Surprise Surprise, another Packers event that involves Super Bowl XLV and another controversy. Whether it’s scheduling a picture, the ring ceremony or the trip to the White House, the Packers PR department find themselves unable to please everyone.
When football came back, I believed that a trip to the White House would be difficult. I was against the idea of a mid-season trip, as I’d prefer my team to be focused on the season and games at hand and not looking backwards. I also thought it would be unfair to any players who were on the championship team but not on the current roster. Little did I know this would be the issue.
The Packers announced today that they have accepted the invitation to the White House for August 12th and only current members of the team are invited. That means no Nick Barnett, no Cullen Jenkins and no to a handful of others who helped this team bring the Lombardi Trophy home.
Its logistics, really.
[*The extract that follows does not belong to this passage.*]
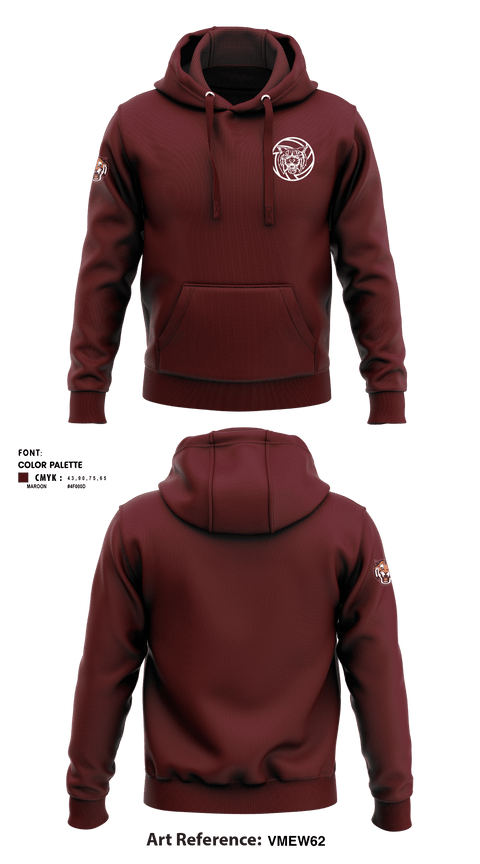 Hoodie, West Bridgewater High School Volleyball, Women's Volleyball, Teamtime, Team time, sublimation, custom sports apparel, team uniforms, spirit wear, spiritwear, sports uniforms, custom shirts, team store, custom team store, fundraiser sports, apparel fundraiser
The Packers are scheduling this trip around their timeline, not other teams’. Do they call up all the other players, who are spread out on other teams or still at home waiting for a call and work around numerous schedules? Do they invite the former players but not include the rookies or un-drafted free agents who have recently signed? Do those new guys make the trip but sit in the hotel while the other ones go off to meet the President?
It still sat wrong with me though, that Brandon Jackson and others who were crucial to my favorite team winning the Super Bowl won’t get to finish the “White House on 3” dream. I tried to remember back to the last Packers White House visit. All I could remember from it was that McMahon wore his Bears jersey and that Chewy wouldn’t shake Clinton’s hand. For some reason I felt confident that besides those two issues, the last White House visit went off without a hitch. I was, however, 14 at the time and not fully trusting my memory, so I did a little digging.
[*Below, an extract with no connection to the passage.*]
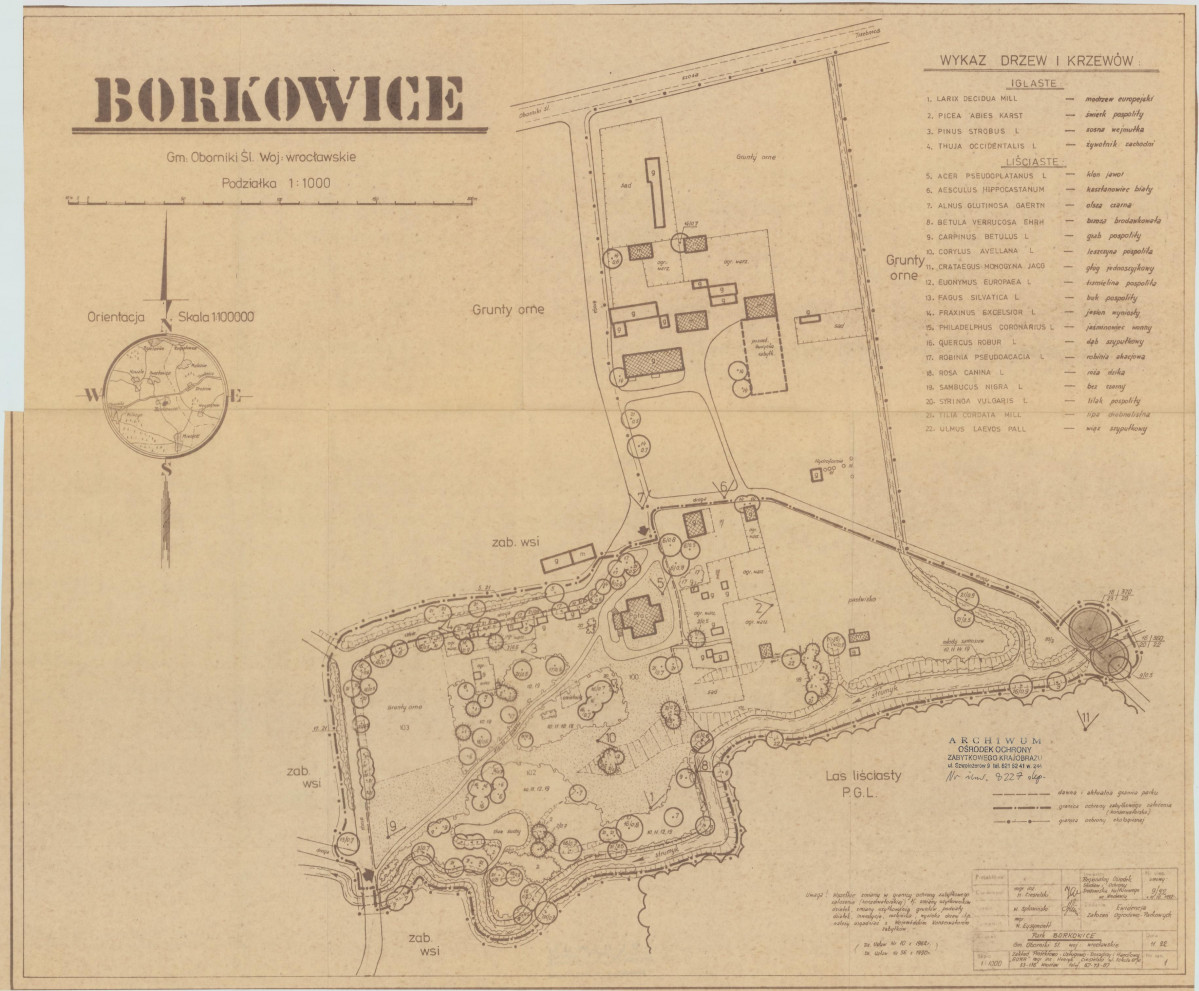 EP - Ewidencja parkowa, skan nr 29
It doesn’t happen often, but I was wrong. Apparently the May 1997 trip was eerily similar. Andre Rison, Chris Jacke and Super Bowl MVP, Desmond Howard were not invited to meet Clinton. An article from The Wisconsin State Journal says that Jacke found out that he wasn’t invited when he called the Packers to arrange travel plans and “was told he wasn’t welcome.” At that time Jacke was an unrestricted free agent and had yet to sign with a different team.
But here’s where the stories veer off the same path. Seeing as that off season was normal and free of lock out drama, the White House visit wasn’t the last team organized celebration and after fan criticism of the move, The Packers invited the entire team, including Howard who was signed with the Raiders at the time, to the ring ceremony. Bob Harlan said, “The fans voiced their displeasure with our previous decision, and we listened.”
Honestly, after an offseason where all we really had was drama, I don’t care who goes and who doesn’t go to the White House. Sure, I would like everyone who earned the victory to get to celebrate, but we’re back in football mode, its time to defend. I’d like to think that if this visit had happened in May that the entire roster would have been invited; Although, Josh Bell’s absence from the ring ceremony might prove me wrong in my hope, but I will keep it anyways.
So, I’ve come to the conclusion that there is no way to do this visit without stepping on someone’s toes and I’m not going to worry about it. Instead I’m going to worry about ILB depth. That seems a tad more pressing right now.